Pull every line containing the word "with" from the records.
□ □ □ □
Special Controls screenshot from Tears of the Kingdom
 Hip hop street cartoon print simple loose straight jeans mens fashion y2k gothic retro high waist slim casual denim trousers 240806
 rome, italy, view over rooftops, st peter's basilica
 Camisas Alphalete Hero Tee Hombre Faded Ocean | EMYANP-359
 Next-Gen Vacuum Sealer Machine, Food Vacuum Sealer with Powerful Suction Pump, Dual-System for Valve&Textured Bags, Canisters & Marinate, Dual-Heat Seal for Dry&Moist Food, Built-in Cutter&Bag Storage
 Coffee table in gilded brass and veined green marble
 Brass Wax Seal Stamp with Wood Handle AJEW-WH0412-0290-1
□ □ □ □
Your response:
 Next-Gen Vacuum Sealer Machine, Food Vacuum Sealer with Powerful Suction Pump, Dual-System for Valve&Textured Bags, Canisters & Marinate, Dual-Heat Seal for Dry&Moist Food, Built-in Cutter&Bag Storage
 Brass Wax Seal Stamp with Wood Handle AJEW-WH0412-0290-1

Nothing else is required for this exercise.